■ PROBLEM ■
As the answer, give exactly the lines of the records below from the one with "Convites NYC Silhueta" through the one with "ワイドパンツ ハーフパンツ パンツ 短パン コーデュロイハーフワイドパンツ レディース", ends included and pictures left out.

■ DATA LISTING ■

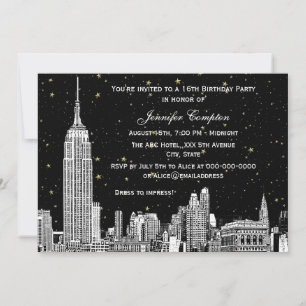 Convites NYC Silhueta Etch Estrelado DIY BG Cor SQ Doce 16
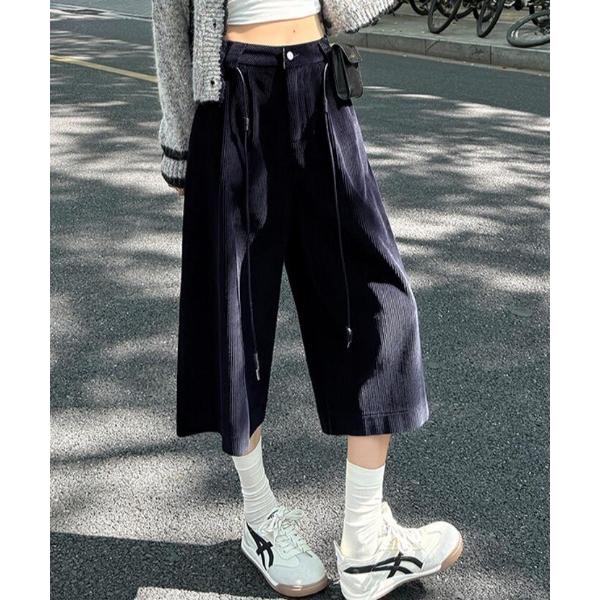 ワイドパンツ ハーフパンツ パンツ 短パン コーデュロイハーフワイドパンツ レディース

--

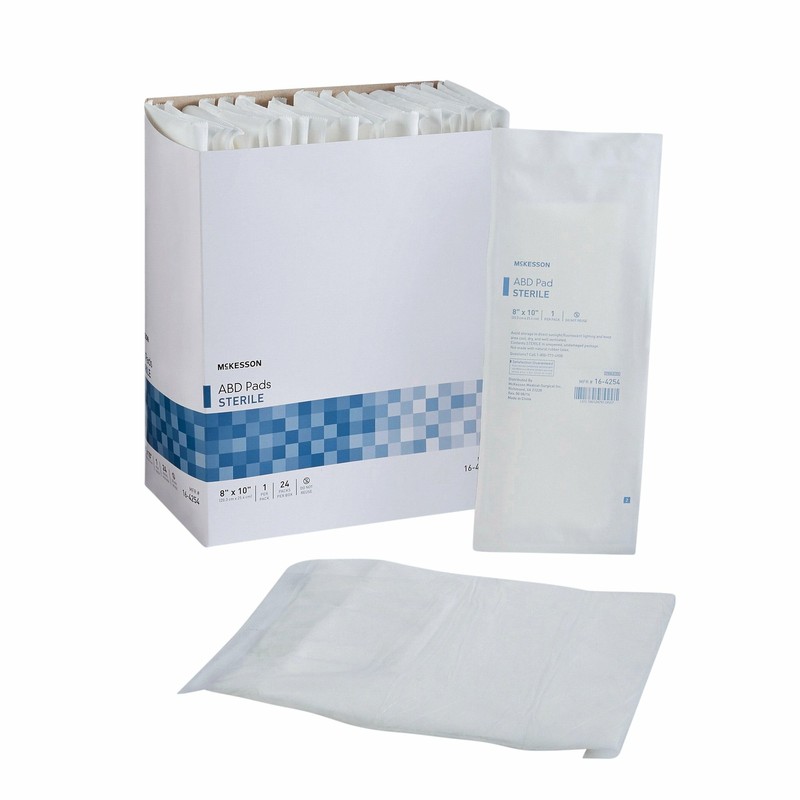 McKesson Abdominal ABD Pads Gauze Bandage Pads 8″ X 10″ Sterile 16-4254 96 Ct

■ RESPONSE TO THIS EXERCISE ■
 Convites NYC Silhueta Etch Estrelado DIY BG Cor SQ Doce 16
 ワイドパンツ ハーフパンツ パンツ 短パン コーデュロイハーフワイドパンツ レディース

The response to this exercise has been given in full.